The room is dark and the chair hard and uncomfortable beneath her.
From behind she can hear breathing, slow and steady. Intimidating, almost terrifying, even.
She dare not move.
Closing her eyes, she offers up a silent prayer and opens them again, her eyes adjusting slowly to the dim. It’s light enough to see a desk before her, covered with documents like old exam papers sitting ready, a black biro to their left.
To her left a clock ticks, marking a slow agonising countdown, one with no apparent end.
And still, she waits.
In the distance the sound of heavy feet approaching makes her catch her breath in fear.
All at once the door is flung back, harshly flooding the room with light. In it its glare the silhouette of a furious, almost sumo shaped woman casts its formidable shadow over her. The glare renders the candidate blinded, and the woman, (who is not unlike the headmistress in Dahl’s ‘Matilda’) slaps a folder on the table and looks imperiously at the miserable specimen before her.
“No one has ever broken me.”
The candidate’s mouth goes dry and she sniffs nervously to try and glean some moisture for her throat. Without the hospitality of a waterglass she fears she’ll not be able to speak when called upon.
She sits, trembling.
“They give me the hardest nuts to crack. You may think you’re smart but before that clock strikes 4 you’ll be wishing you could go home to your mummy. So, once more – from the beginning, if you please.”
“What are the rights and privileges afforded to all Australian Citizens?”
The candiate has heard this question before, the answers are easy but there’s a glint in the eye of this battleaxe that makes her wary. It feels as though one wrong answer could jeopardise her whole future. Cautiously she coughs, and croaks out,
“The right as a voter to help elect Australia’s governments.”
The candidate continues nervously,
“The right to apply for public office or to nominate for election to parliament.”

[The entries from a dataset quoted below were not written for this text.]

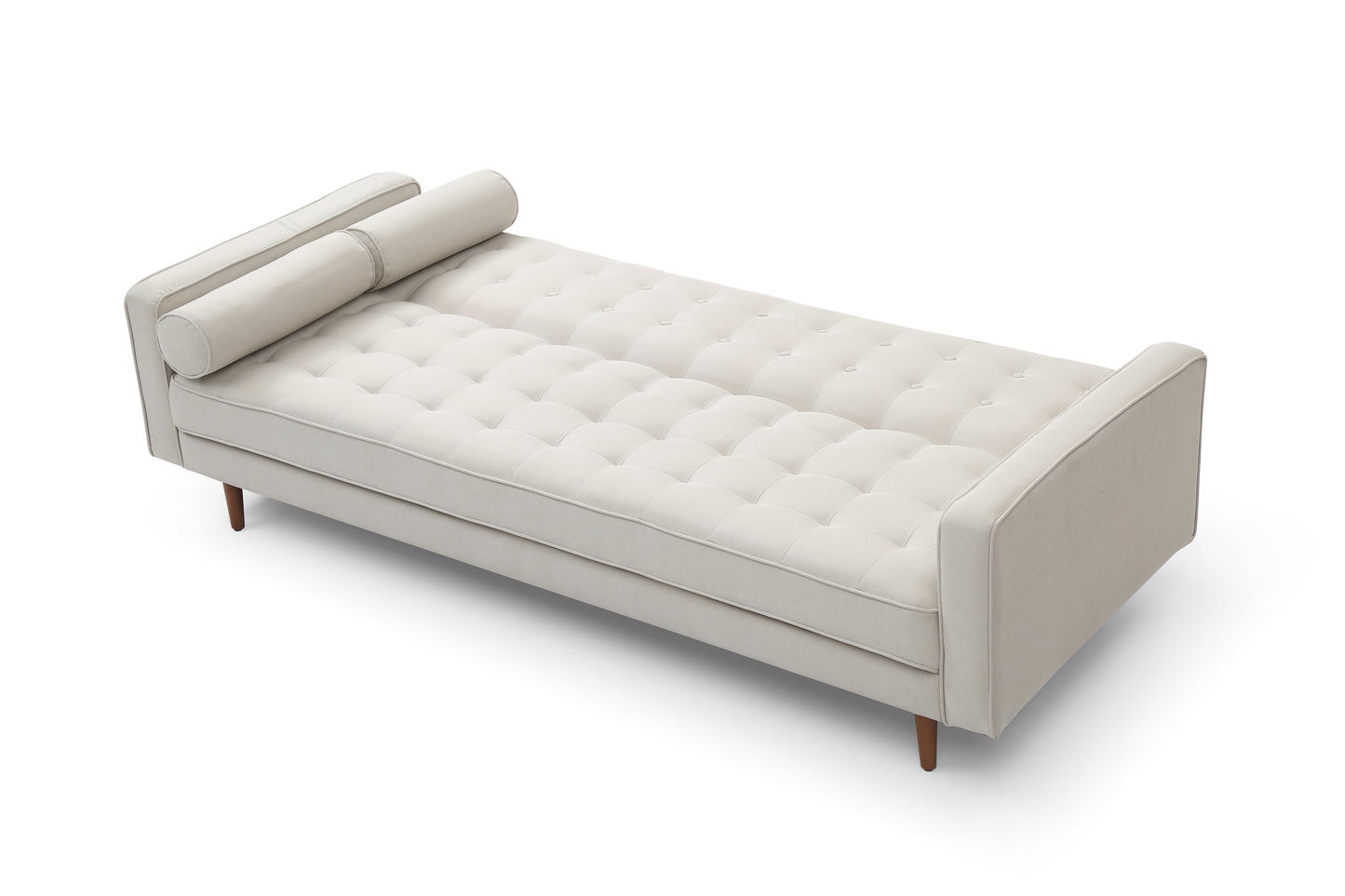 Sofa Bed 3 Seater Button Tufted Lounge Set for Living Room Couch in Fabric Beige Colour - Furniture > Sofas > Sofas &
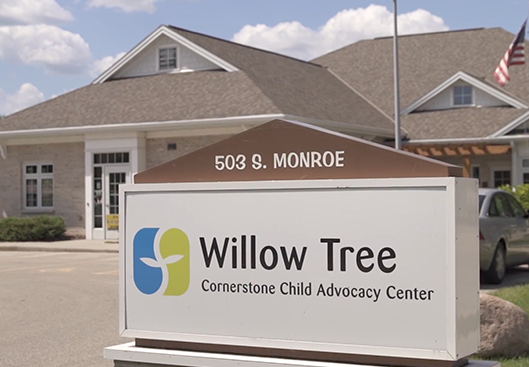 Family Services building with Willow Tree sign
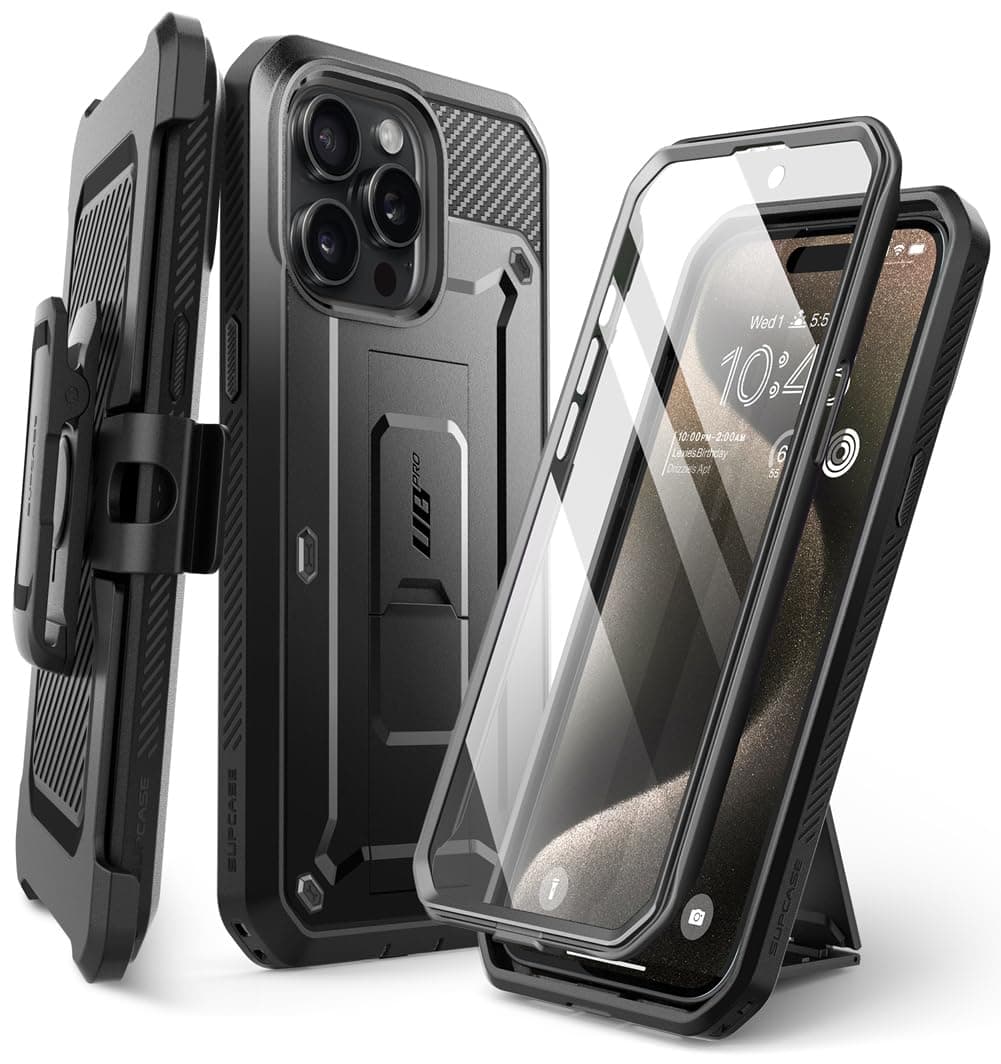 SUPCASE for iPhone 15 Pro Case with Stand & Belt-Clip, [Unicorn Beetle Pro] [Built-in Screen Protector] [Military-Grade Drop Protection] Full-Body Heavy Duty Rugged Phone Case, Black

The battle axe makes no response but keeps the candidate in her malevolent glare so the candidate hurries through the remaining answers,
“The right to apply for an Australian passport and to leave and re-enter Australia; the right to seek protection from Australian diplomatic representatives while overseas; eligibility to apply to enlist in the defence forces and for government jobs for which Australian citizenship is required; and the right to register any child under 25 years of age, born to me overseas as an Australian citizen by descent” she says, barely pausing to take a breath.”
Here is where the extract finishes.